> [WHAT THIS TASK INVOLVES]: Would you restate every entry below word for word? Leave out the pictures.

> [Stored dataset items]:
....

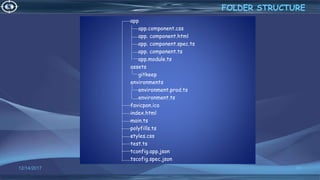 app
app.component.css
app. component.html
app. component.spec.ts
app. component.ts
app.module.ts
assets
gitkeep
environments
environment.prod.ts
environment.ts
favicpon.ico
index.html
main.ts
polyfills.ts
styles.css
test.ts
tconfig.app.json
tscofig.spec.json
12/14/2017 68
FOLDER STRUCTURE
 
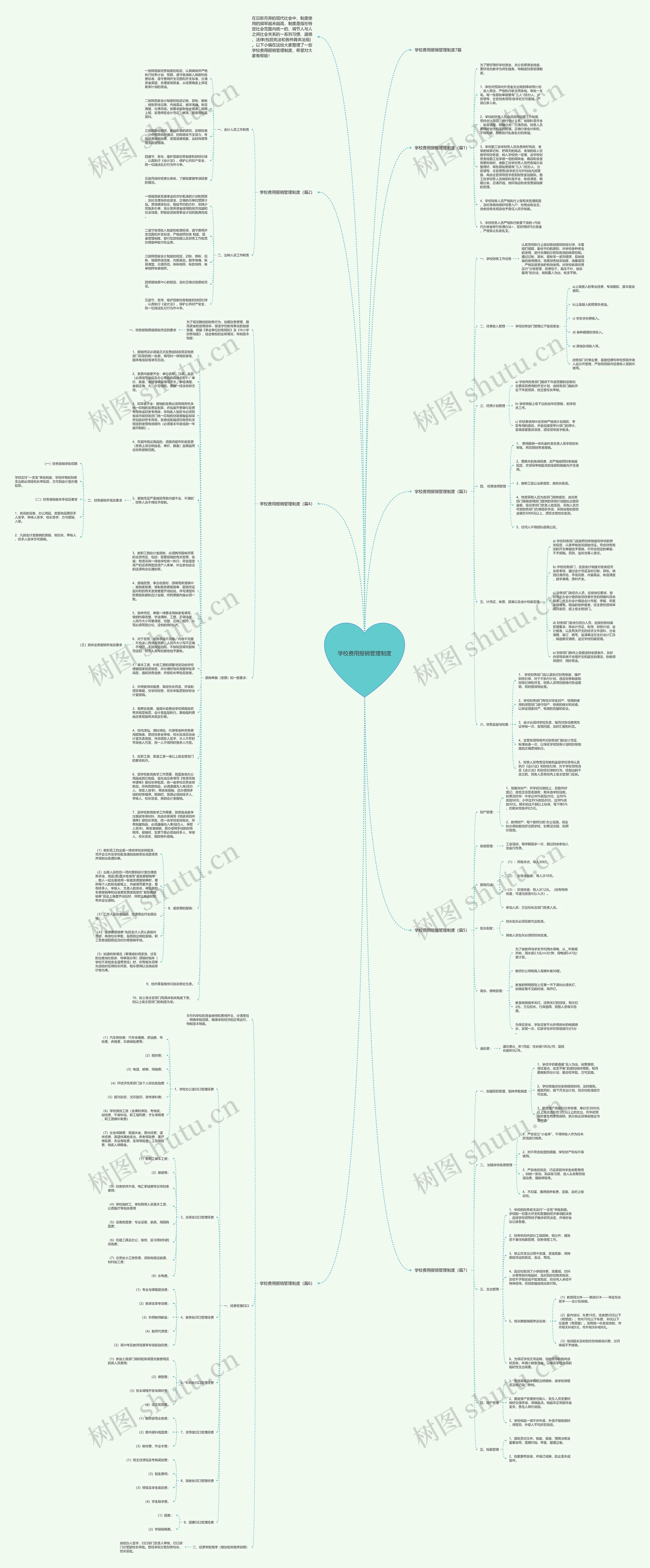 学校费用报销管理制度思维导图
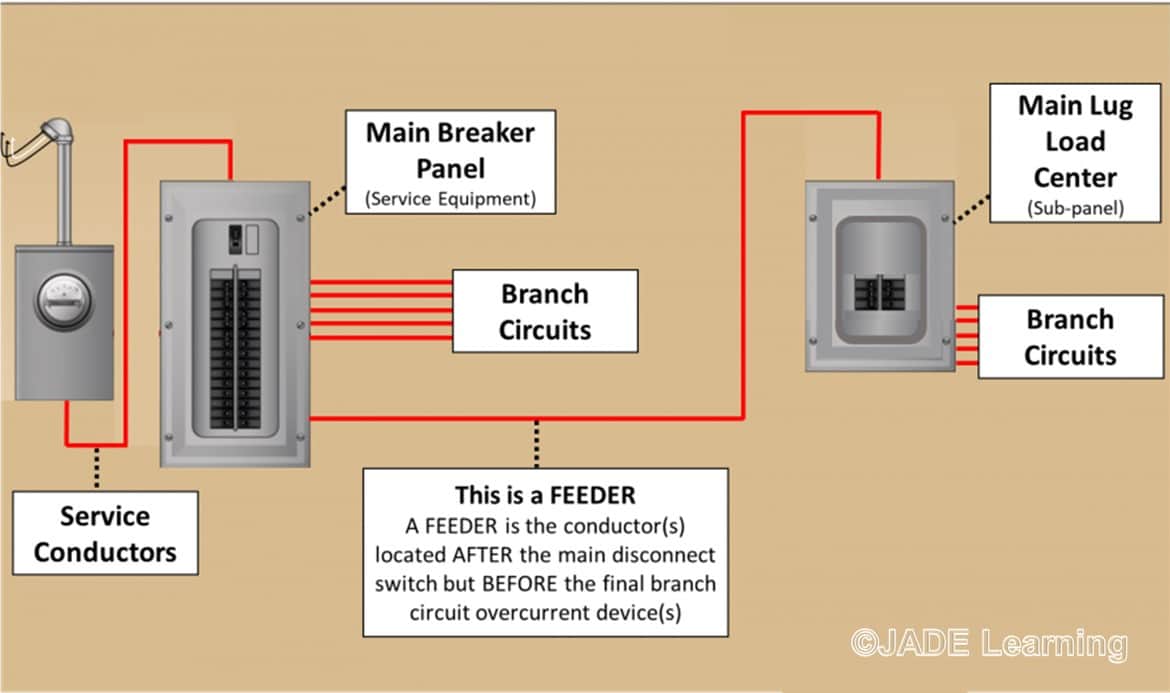 Feeders Part 1: What is a Feeder?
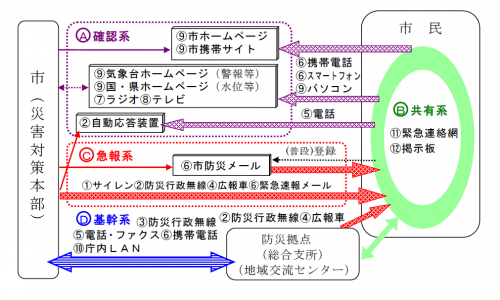 情報伝達体系図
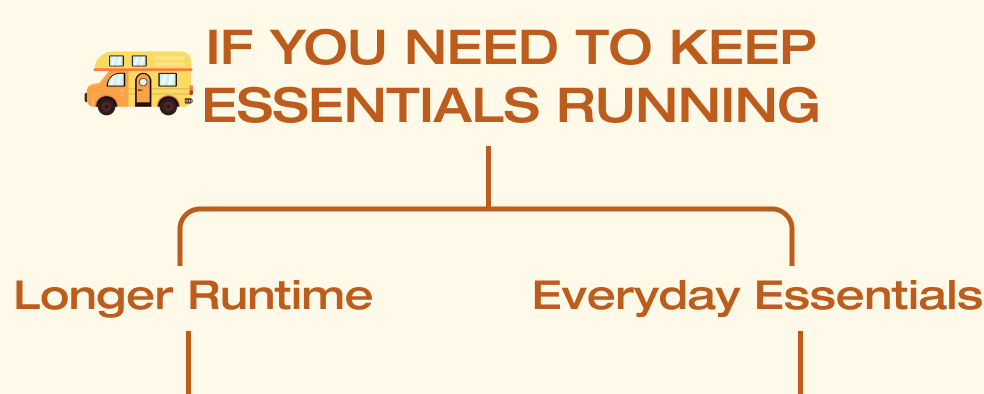  IF YOU NEED TO KEEP ESSENTIALS RUNNING
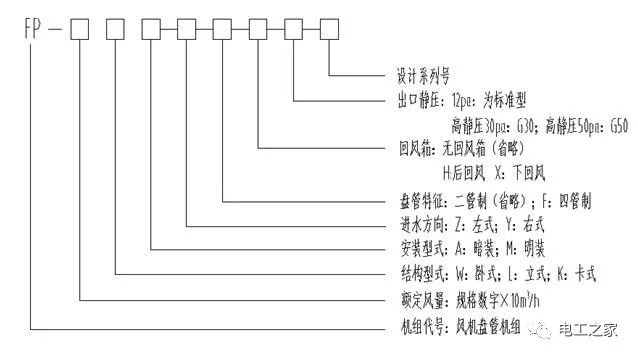 风机盘管cad画法图片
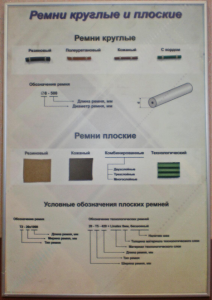 Планшет "Ремни плоские и круглые" - fgospostavki.ru - Тихорецк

....

> [OUTPUT BELOW]:
 app
app.component.css
app. component.html
app. component.spec.ts
app. component.ts
app.module.ts
assets
gitkeep
environments
environment.prod.ts
environment.ts
favicpon.ico
index.html
main.ts
polyfills.ts
styles.css
test.ts
tconfig.app.json
tscofig.spec.json
12/14/2017 68
FOLDER STRUCTURE
 
 学校费用报销管理制度思维导图
 Feeders Part 1: What is a Feeder?
 情報伝達体系図
  IF YOU NEED TO KEEP ESSENTIALS RUNNING
 风机盘管cad画法图片
 Планшет "Ремни плоские и круглые" - fgospostavki.ru - Тихорецк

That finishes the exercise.